» Supplied data
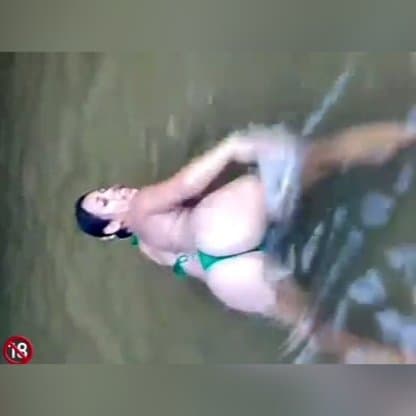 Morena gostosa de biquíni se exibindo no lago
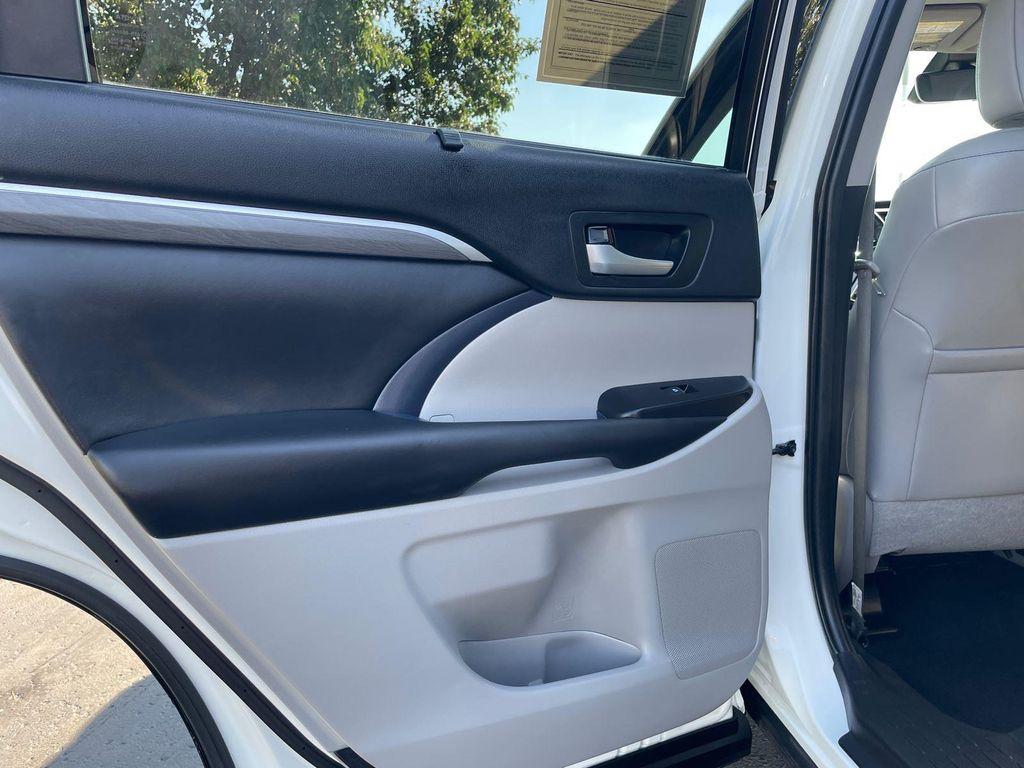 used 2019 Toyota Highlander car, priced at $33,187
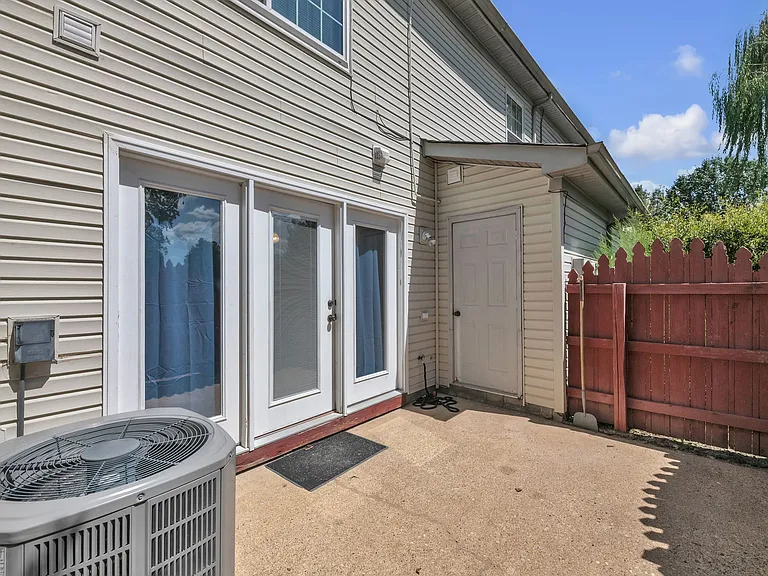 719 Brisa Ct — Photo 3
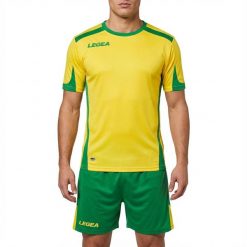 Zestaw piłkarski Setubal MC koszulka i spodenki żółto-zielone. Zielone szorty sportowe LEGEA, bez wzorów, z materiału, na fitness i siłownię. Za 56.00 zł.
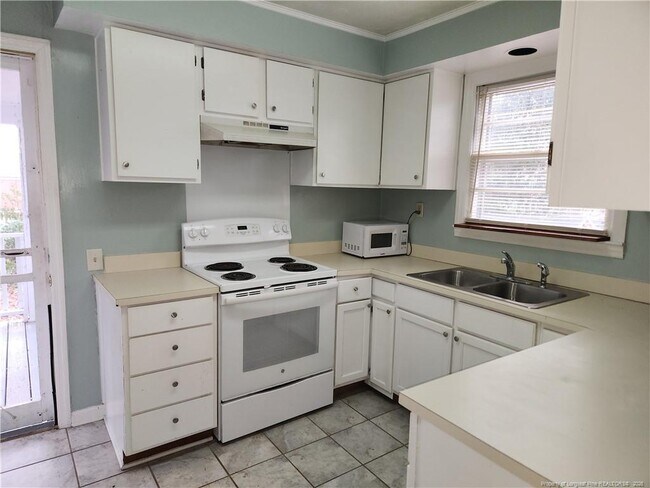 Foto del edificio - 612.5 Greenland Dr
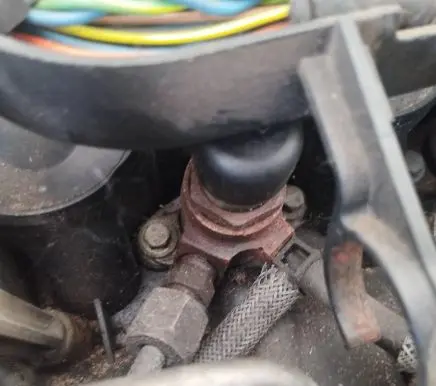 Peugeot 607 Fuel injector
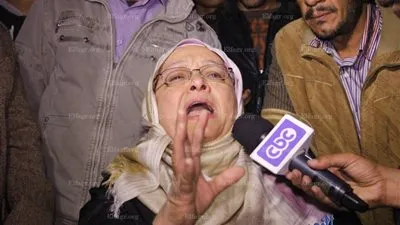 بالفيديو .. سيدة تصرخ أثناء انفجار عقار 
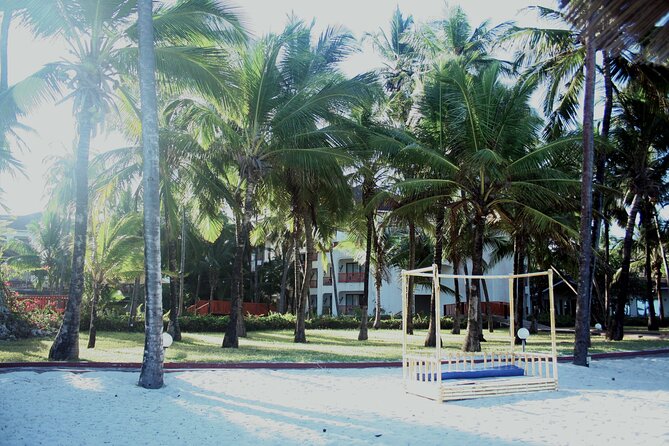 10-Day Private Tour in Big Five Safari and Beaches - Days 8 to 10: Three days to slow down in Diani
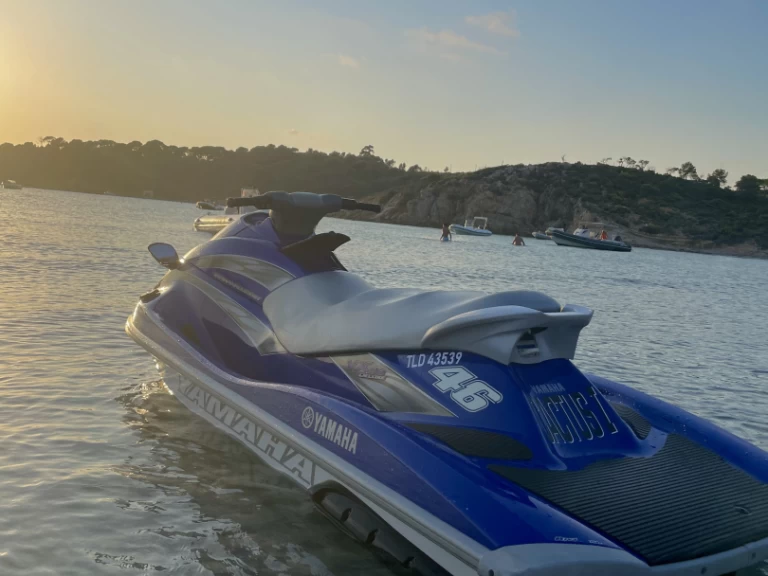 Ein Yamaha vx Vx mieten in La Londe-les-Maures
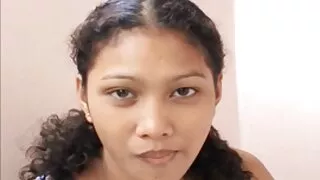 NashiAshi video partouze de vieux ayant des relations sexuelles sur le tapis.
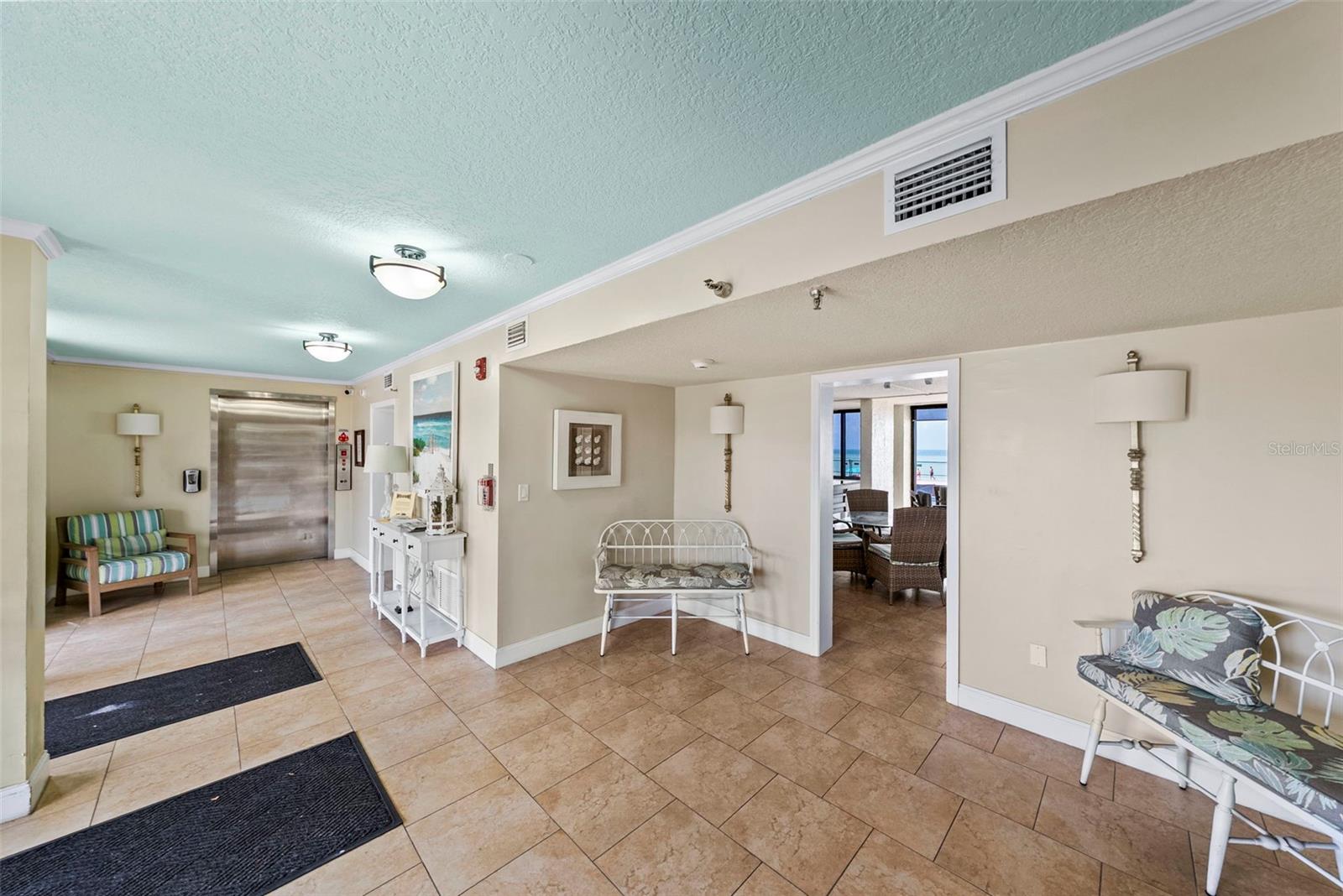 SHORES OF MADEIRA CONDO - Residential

» About this task
Starting with the line that contains "Foto del edificio - 612.5 Greenland Dr", print every remaining line of the records above, exactly as it stands. Do not print the pictures.

» Solution to this exercise
 Foto del edificio - 612.5 Greenland Dr
 Peugeot 607 Fuel injector
 بالفيديو .. سيدة تصرخ أثناء انفجار عقار 
 10-Day Private Tour in Big Five Safari and Beaches - Days 8 to 10: Three days to slow down in Diani
 Ein Yamaha vx Vx mieten in La Londe-les-Maures
 NashiAshi video partouze de vieux ayant des relations sexuelles sur le tapis.
 SHORES OF MADEIRA CONDO - Residential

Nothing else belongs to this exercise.